El 28 de febrero del 1919, en el colmo de la originalidad, una comisión de catalanes se fue a Madrid con el texto de un protoestatuto de autonomía que había sido masivamente aprobado por los municipios catalanes y por instituciones cívicas como el Centro Regionalista Andaluz de Catalunya y el Barça. Total, que nada de nada. Acabó cayendo el Gobierno de Romanones, eso sí...
Cuando se proclamó la Segunda República española, a los catalanes les dio por escribir un Estatut y, antes de ir a Madrid, lo votaron. La mujer no tenía derecho a voto y, aun así, 400.000 escribieron su intención de voto. De la plaça Sant Jaume salieron los delegados, esa vez en loor de multitudes. Todo era esperanza y buen rollo. Pero en la tramitación, la presión fue brutal, el recorte fue el habitual. Recordemos la bonita premonición que el diputado radical-socialista Joaquín Pérez Madrigal le hizo a al diputado de Unió Carrasco y Formiguera: “Lo que defiende Su Señoría se defiende a tiros”. Cosa que se cumplió cinco años después.
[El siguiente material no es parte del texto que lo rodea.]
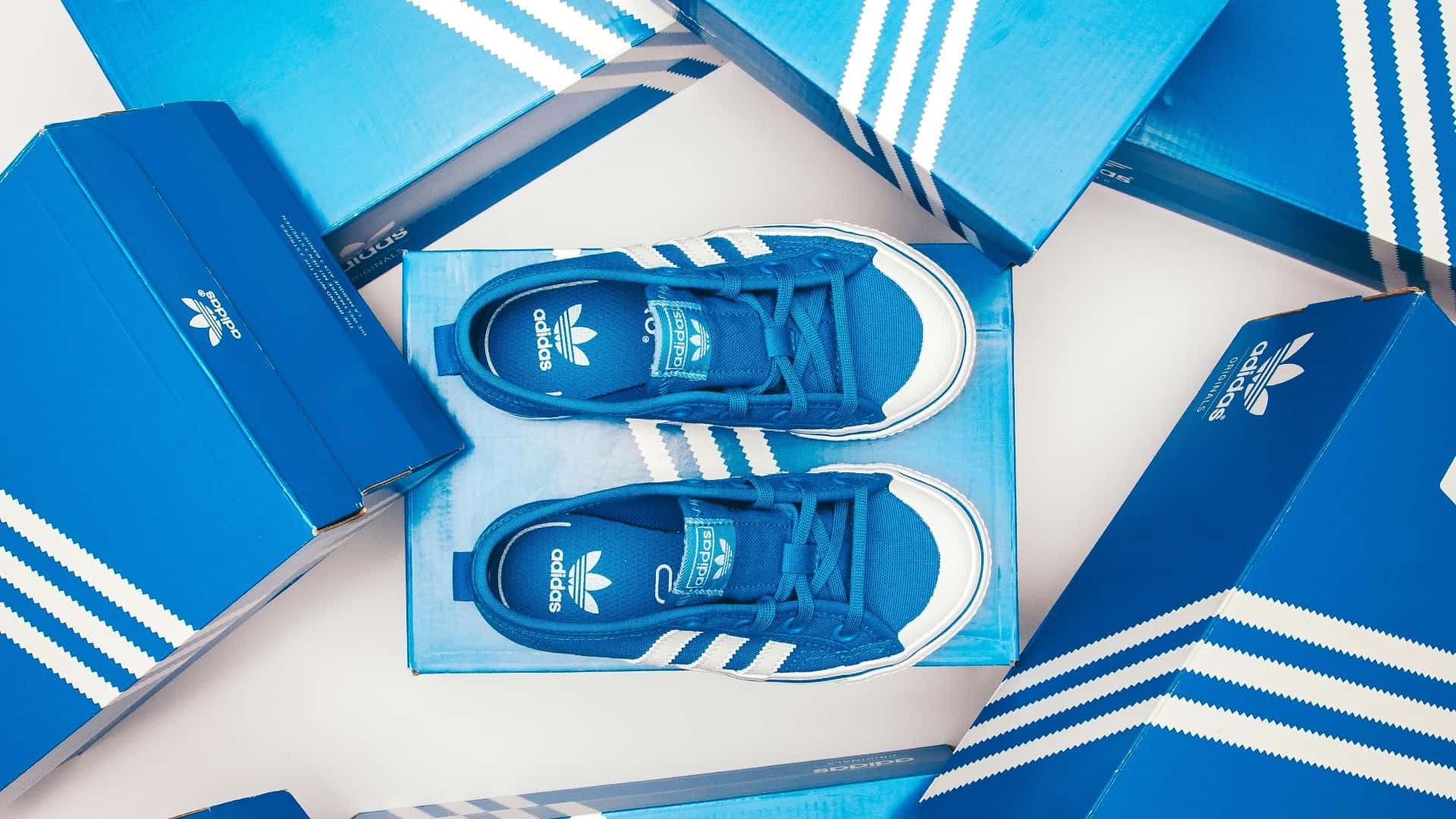 blue adidas sneakers, adidas shoeboxes, white stripes, Full HD Desktop Wallpaper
La última romería catalana fue en diciembre del 2005. Artur Mas, Josep Lluís Carod Rovira y Manuela de Madre hicieron ofrenda solemne del último proyecto de Estatut. En aquella sesión todo fueron aplausos y parabienes, algo que se ha tornado en absentismo y silencio en esta visita de 2014, a 374 años de la primera procesión a Madrid, origen de la matraca catalana y del consecuente hartzago hispano. Uno de los más antiguos de Europa, eso sí.